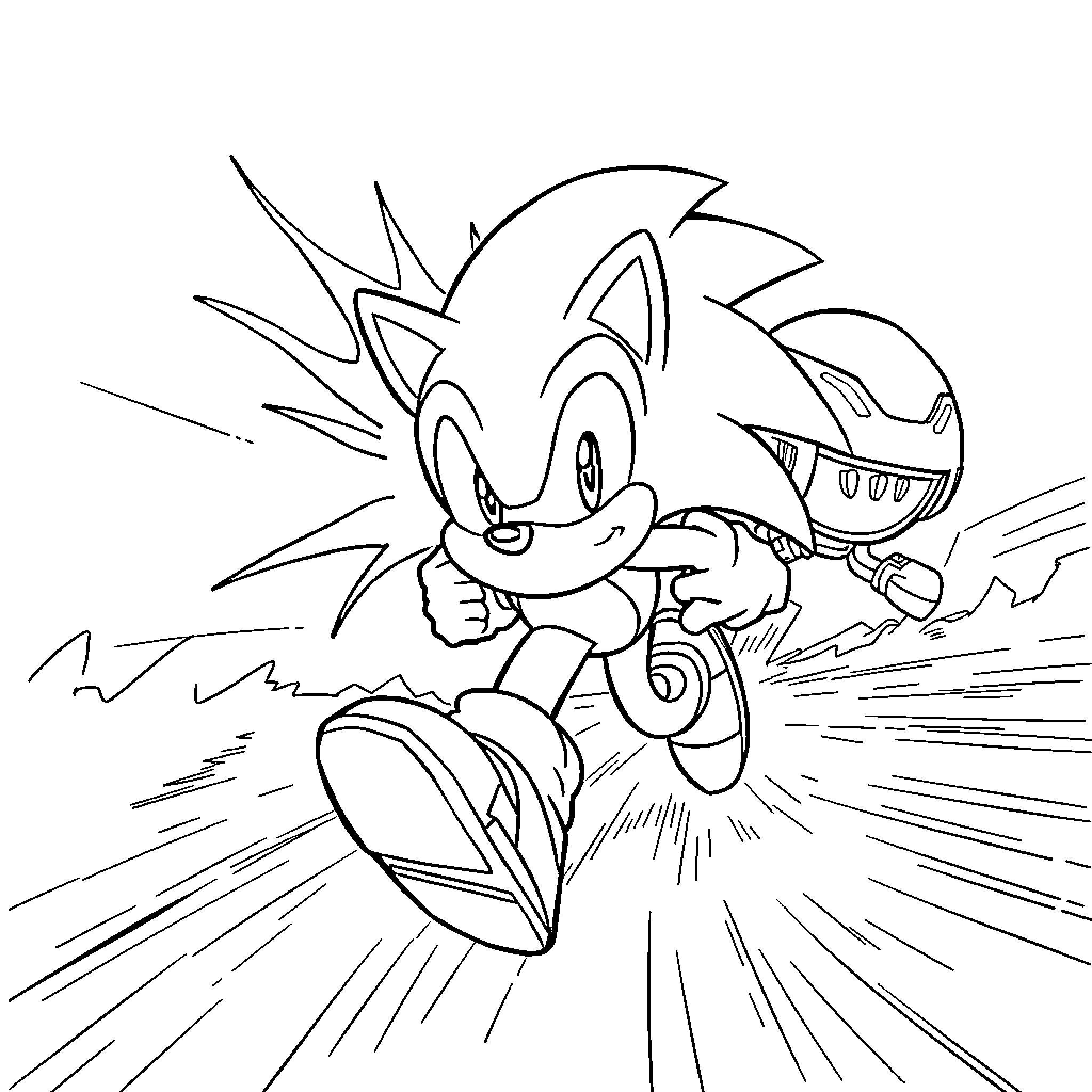 Sonic speeding through an epic adventure Coloring Page (free black-and-white line drawing printable PDF for all, from beginners to advanced learners, including children, teens, adults, and seniors)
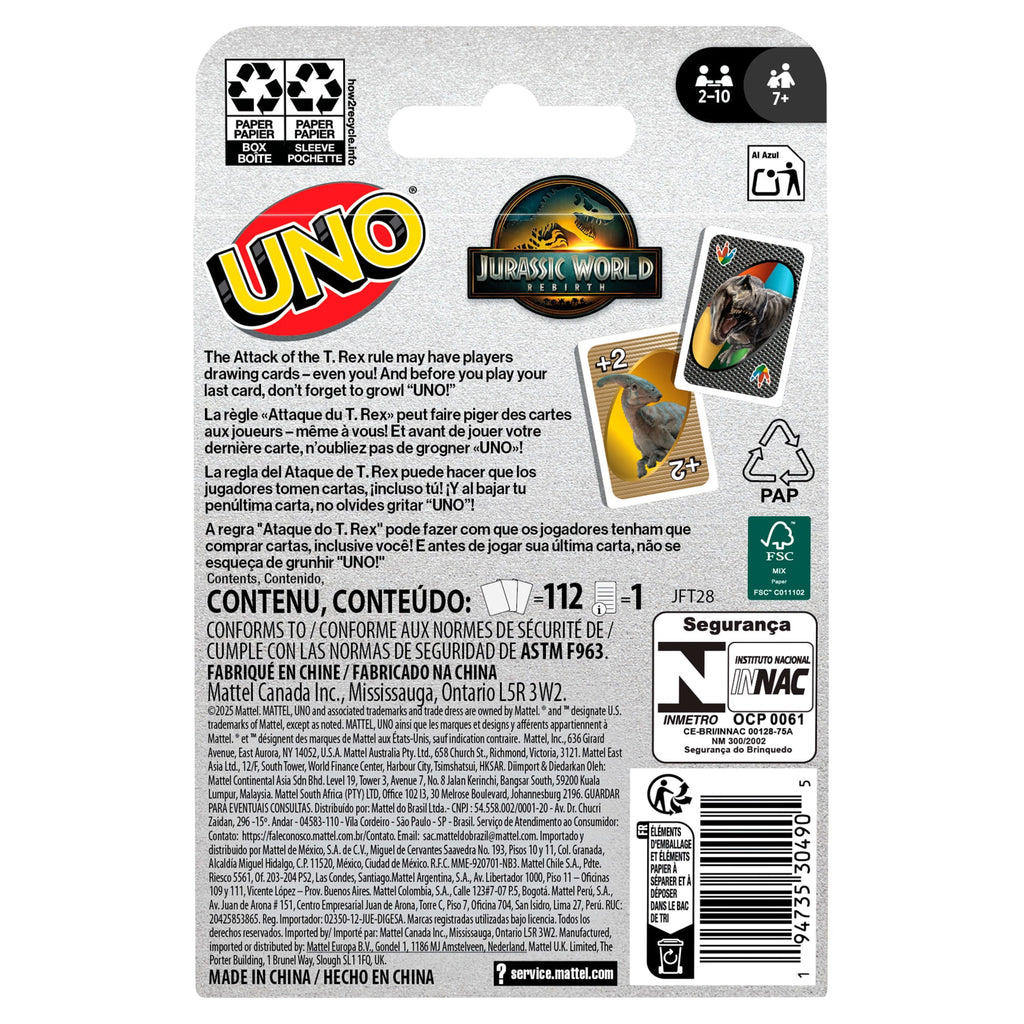 UNO Jurassic World Rebirth Card Game For Kids, Family & Adult Game Nights
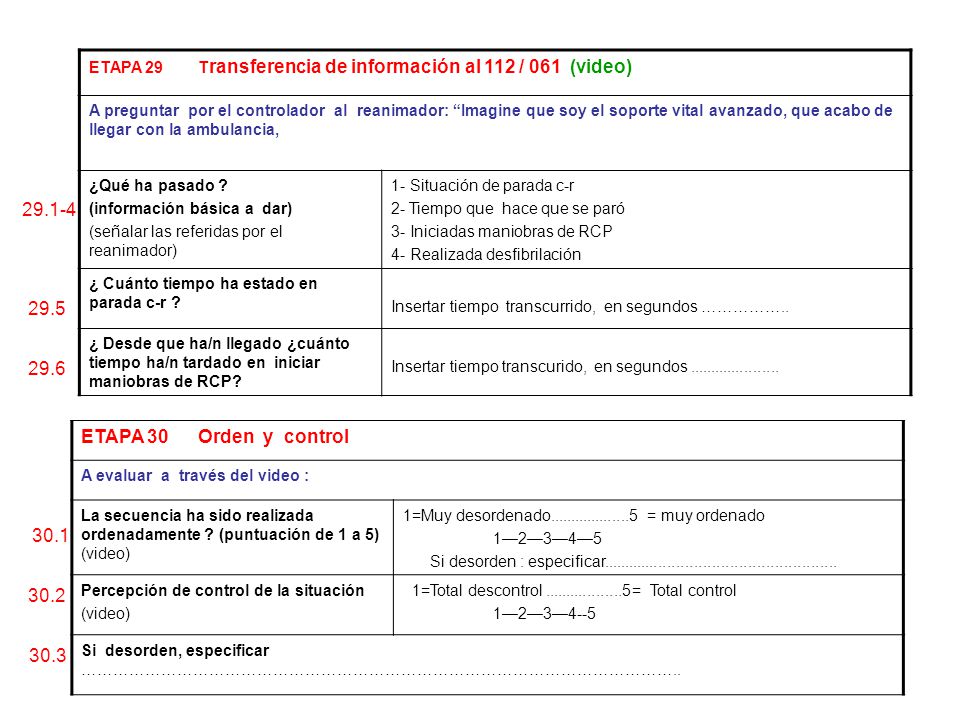 ETAPA 29 Transferencia de información al 112 / 061 (video)
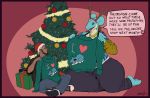  anthro anthrofied big_breasts border breasts christmas christmas_tree cleavage clothed clothing curvy_figure dialogue english_text female gift greasymojo hi_res holidays huge_breasts human lapras larger_female male mammal nintendo pok&eacute;mon pok&eacute;mon_(species) pok&eacute;morph purple_border sitting size_difference slightly_chubby smaller_male text thick_thighs tree video_games voluptuous 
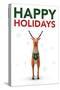 Happy Holidays Reindeer-Gerard Aflague Collection-Stretched Canvas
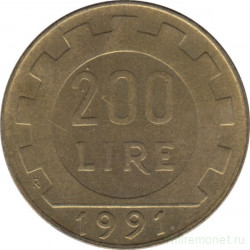Монета. Италия. 200 лир 1991 год.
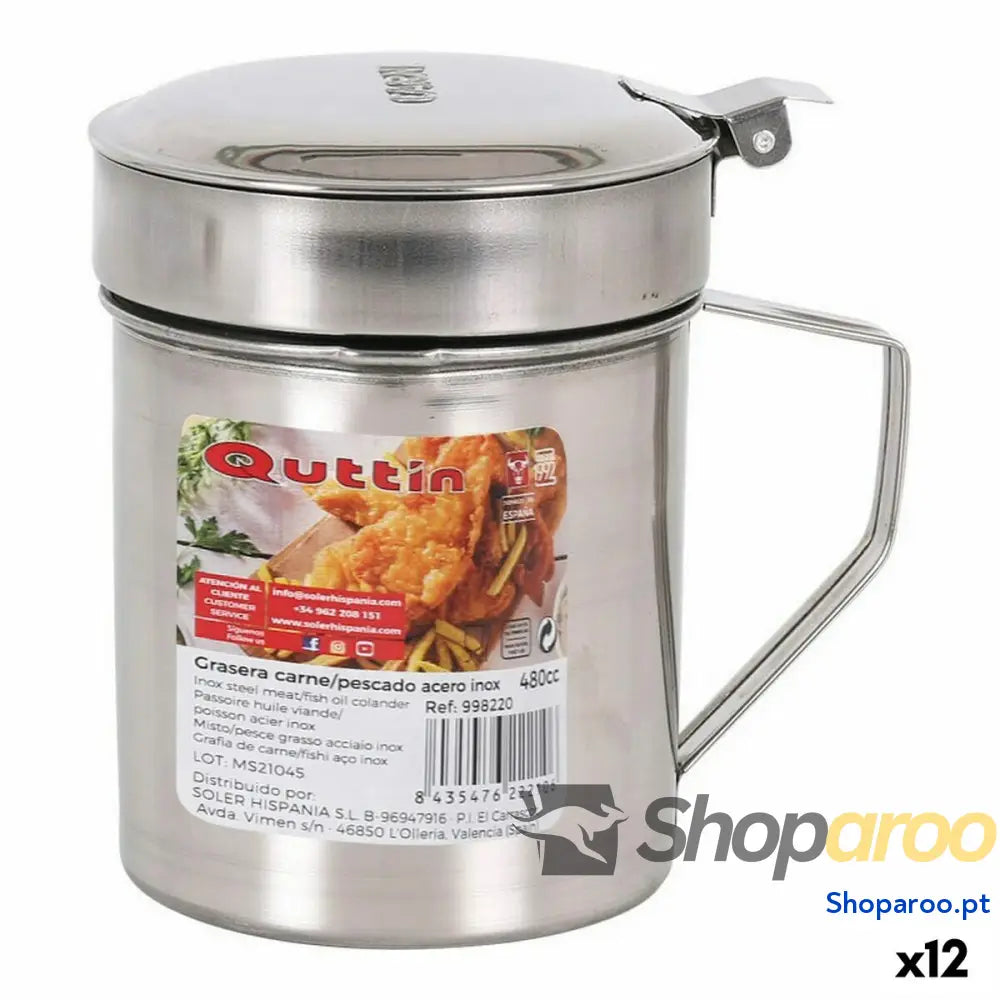 Filtro para Gordura de Carne ou Peixe Quttin 52833 13 x 9,5 x 12 cm Aço inoxidável (12 Unidades)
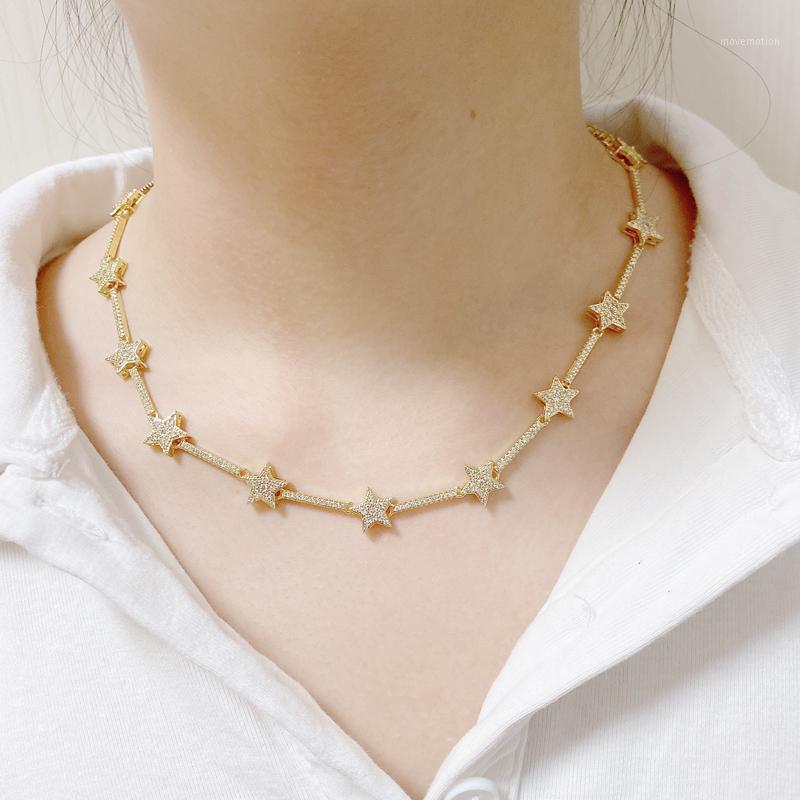 

5pcs/lot Cubic Zircon Star Chocker Necklaces for ladies Women1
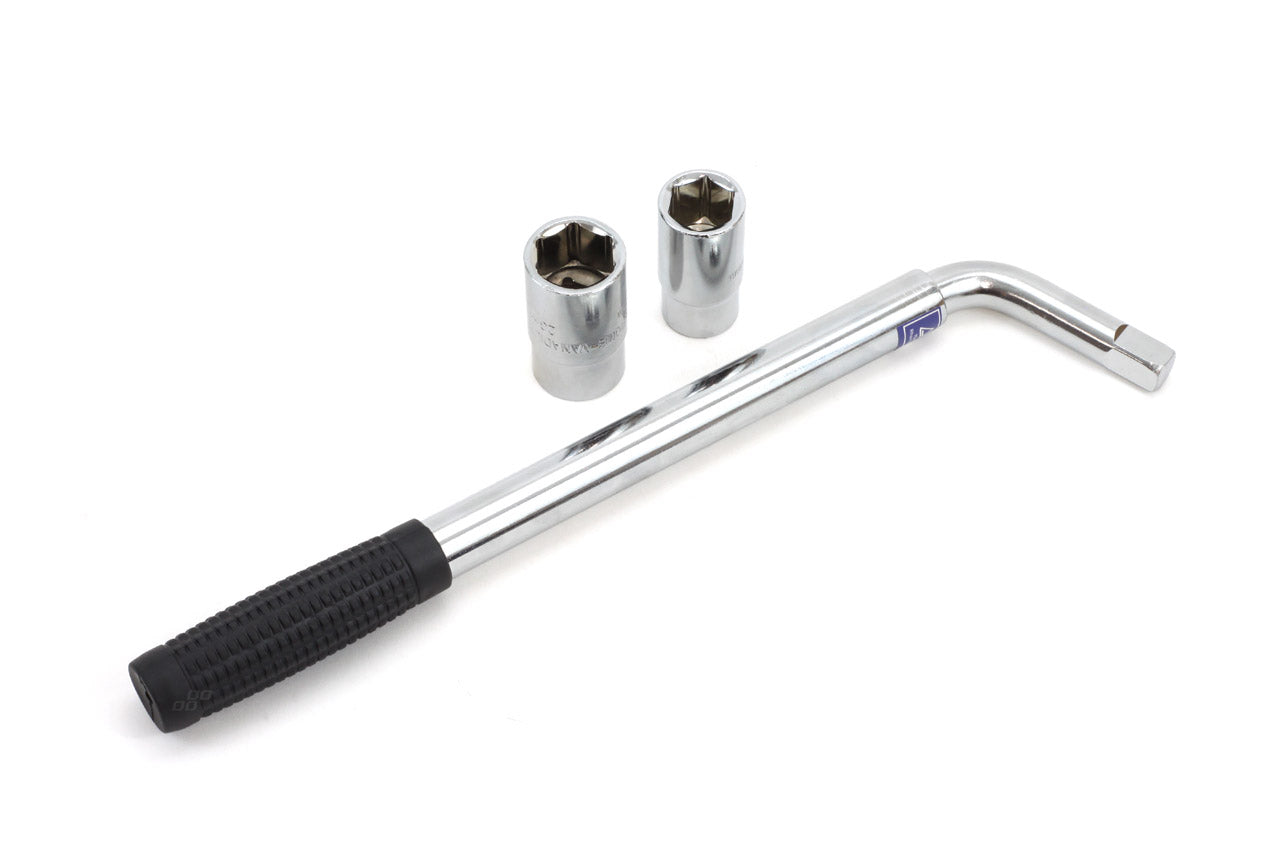 Telescopische wielsleutel met doppen in de maten 17, 19, 21 en 23 mm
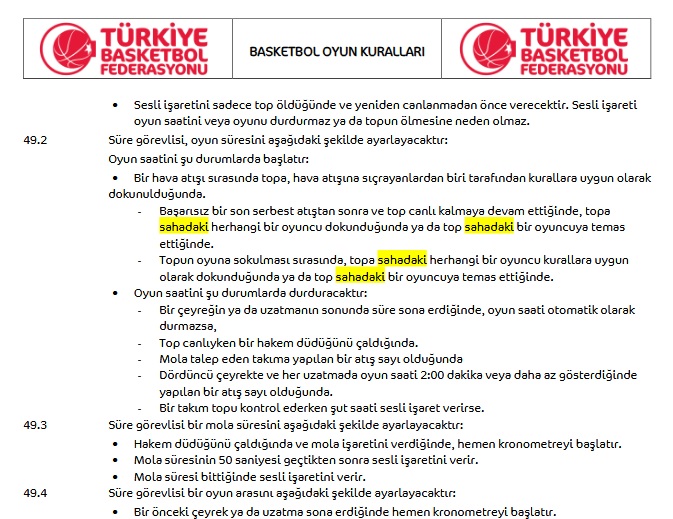 Yalnız bu pozisyonda kural hatası var gibi. <a href="/nedimyucel6/">nedim yücel</a> <a href="/ozkanarseven/">Özkan Arseven</a>

Son hücumda top yere değince süre başlıyor. Ancak kurallara göre oyuncu topa temas ettiğinde başlaması gerekirdi.

TBF Basketbol Oyun Kuralları 49.2 madde:

Oyun saatini şu durumlarda başlatır:

Başarısız bir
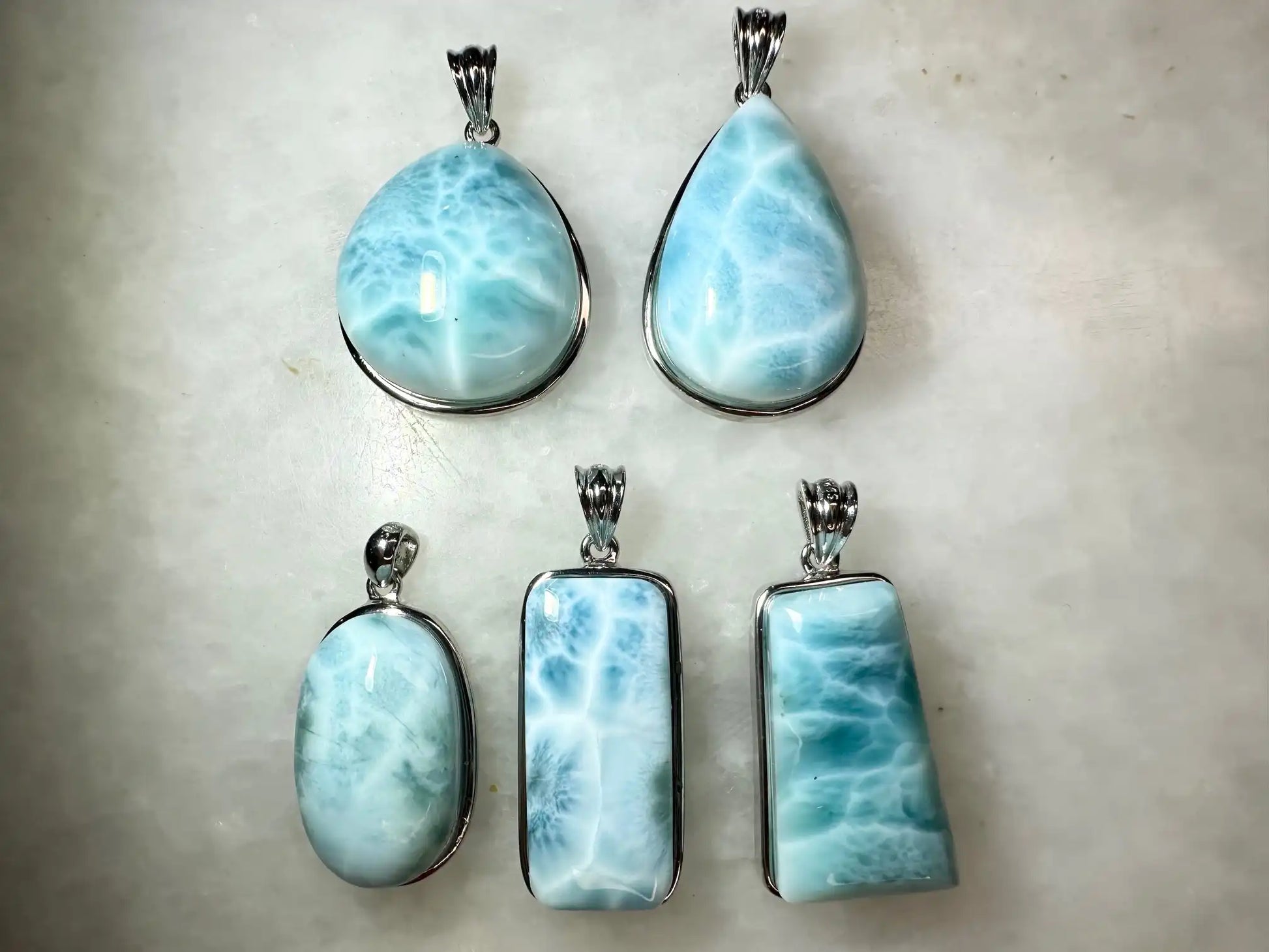 Dominican Republic Larimar Pendant A Grade in Silver 925 100% Natural Crystal Gemstone - JING WEN CRYSTAL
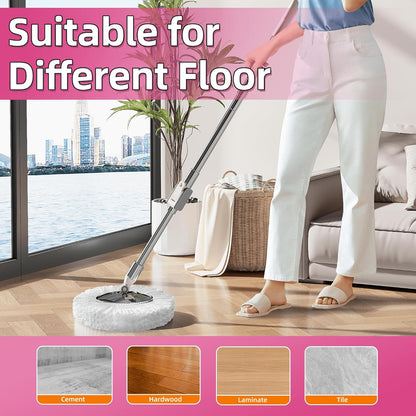 Spin Mop and Bucket with Wringer Set for Home,360° Mop and Bucket with Separate Clean and Dirty Water,Wet Dust Mop for Floor Cleaning with Extra Refills (Silver)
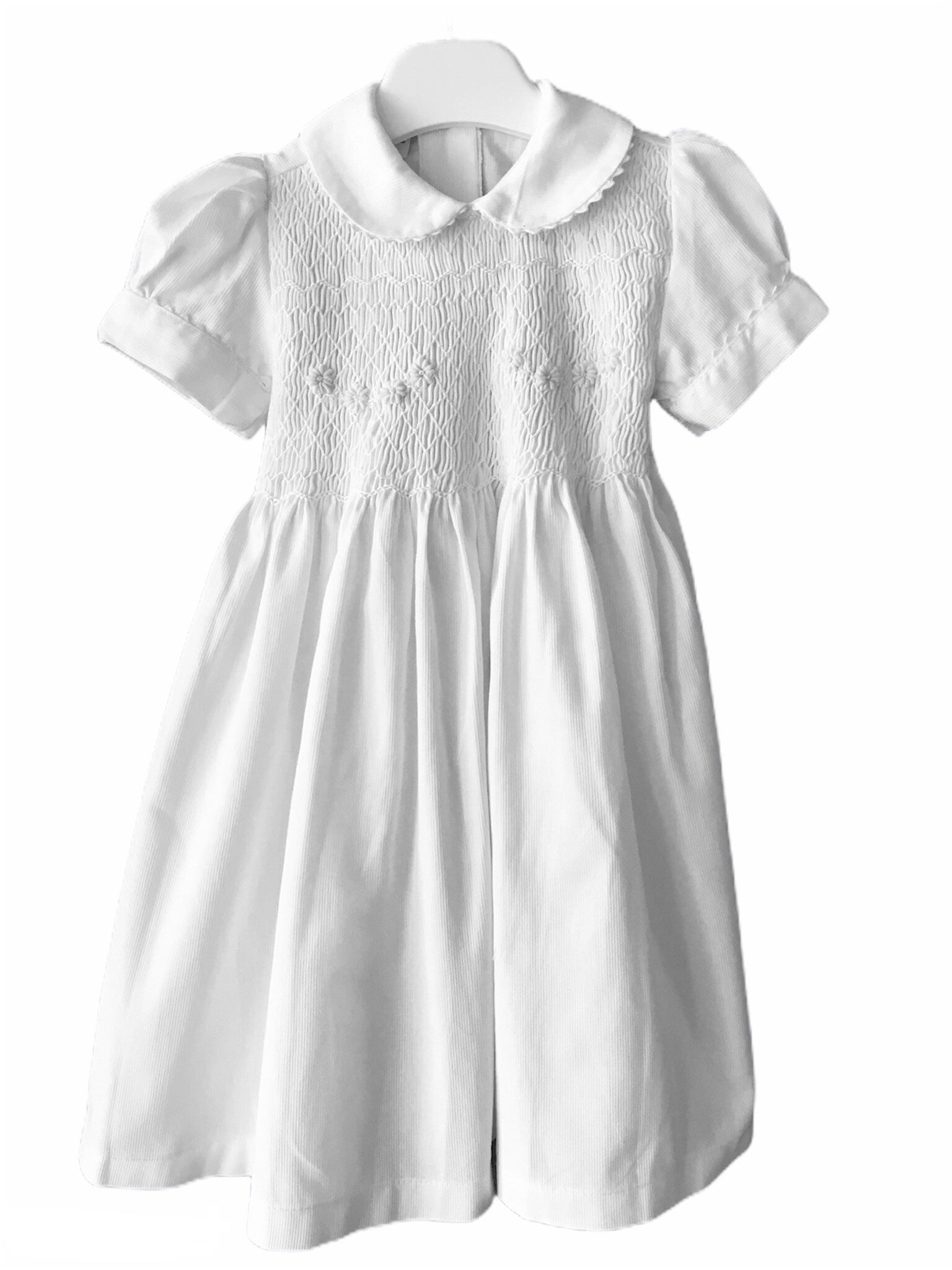 Robe Manches Ballon Col Claudine smocks brodé Maki Rose Blanc Cérémonie Baptême Communion Mariage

━━━━━━━━

- EXERCISE OBJECTIVE: The lines to copy exactly start with the line above that has "Telescopische wielsleutel met" and go on through the line that has "Dominican Republic Larimar"; please include both, add nothing else, and omit the pictures.

- WRITTEN RESPONSE:
 Telescopische wielsleutel met doppen in de maten 17, 19, 21 en 23 mm
 Yalnız bu pozisyonda kural hatası var gibi. <a href="/nedimyucel6/">nedim yücel</a> <a href="/ozkanarseven/">Özkan Arseven</a>

Son hücumda top yere değince süre başlıyor. Ancak kurallara göre oyuncu topa temas ettiğinde başlaması gerekirdi.

TBF Basketbol Oyun Kuralları 49.2 madde:

Oyun saatini şu durumlarda başlatır:

Başarısız bir
 Dominican Republic Larimar Pendant A Grade in Silver 925 100% Natural Crystal Gemstone - JING WEN CRYSTAL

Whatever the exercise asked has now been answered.